En ese lugar, un equipo interdisciplinario de médicos veterinarios, biólogos y microbiólogos se encuentra realizando una valoración integral sobre el estado de salud del ejemplar de casi dos metros, con el fin de que sean garantizadas todas las condiciones para el retorno a su hábitat natural en el Pacífico colombiano.
Según Andrés Posada, líder del Centro de Atención y Valoración de Fauna y Flora Silvestre del Dagma, luego de verificar que las condiciones de la babilla son óptimas, el individuo se unirá a un grupo de animales silvestres rescatados, que serán liberados en los próximos días en coordinación con autoridades ambientales como la Corporación Autónoma Regional del Valle del Cauca (CVC) y EPA Buenaventura.
El funcionario ambiental aseguró que estos reptiles son una especie introducida y que su presencia en humedales urbanos se da como consecuencia de liberaciones inadecuadas que previamente han hecho algunos ciudadanos en ese sector natural del sur de la capital del Valle del Cauca.
Asimismo, puso en evidencia que en la actualidad el humedal Lago de la Babilla tiene una población amplia de babillas. El aumento, a juicio de Posada, ejerce una presión excesiva sobre los recursos del ecosistema, razón por la cual el traslado de individuos como este Caiman crocodilus es una necesidad para prevenir incidentes.
“Nuestra prioridad es el bienestar de la fauna y la seguridad de los caleños. El traslado de estos animales al Pacífico garantiza que puedan cumplir su ciclo biológico en un entorno correcto, reduciendo el riesgo de interacciones peligrosas en zonas recreativas”, enfatizó el líder del Centro de Atención y Valoración de Fauna y Flora Silvestre del Dagma.

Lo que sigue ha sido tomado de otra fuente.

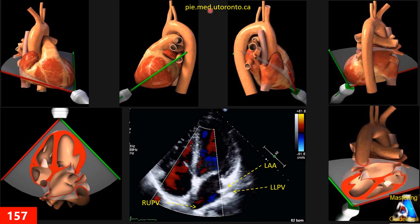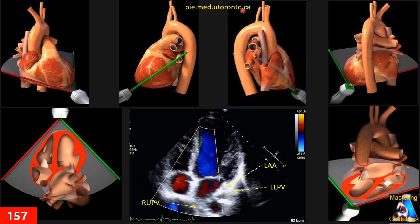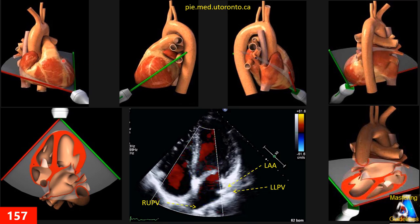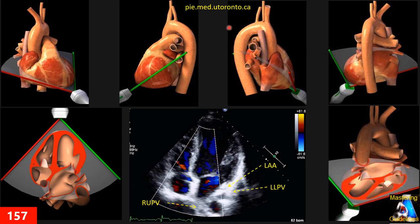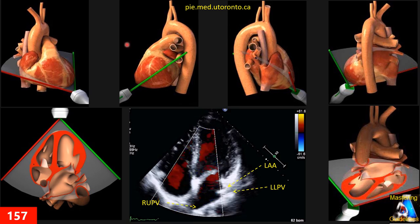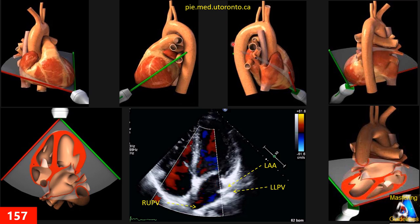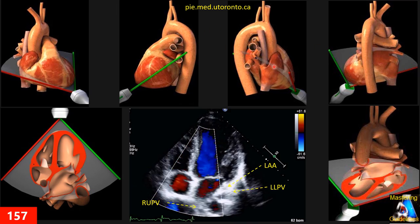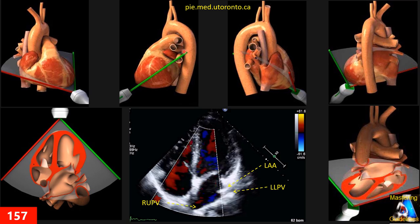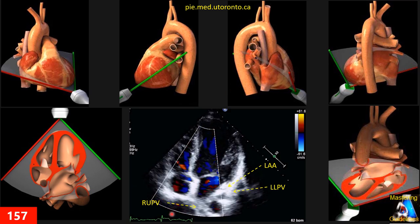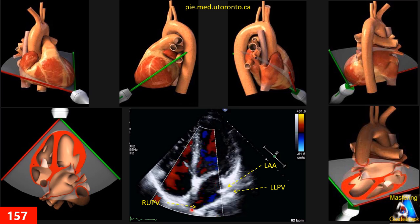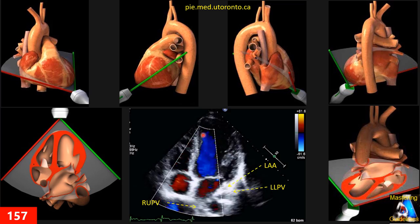I want to remind you that all the schematic pictures shown are from the University of Toronto. Visit their website — they have a very practical and useful virtual echocardiography software where you can practice all sector views and anatomy. Now let's see how to correctly optimize the pulmonary vein and perform pulsed Doppler with measurements in the apical four-chamber view.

De otro lado, esta autoridad ambiental de Cali ha emitido una serie de recomendaciones a las personas que tienen entre sus planes visitar el Lago de la Babilla:
- No alimentar a los animales silvestres, incluidas las babillas, bajo ninguna circunstancia.
- Mantener a los animales de compañía con correa y evitar su presencia a una corta distancia del espejo de agua del humedal.
- Respetar la señalización y las distancias de seguridad del espejo de agua.
- Atender las indicaciones de los guarda-humedales del Dagma que hagan presencia en este lugar.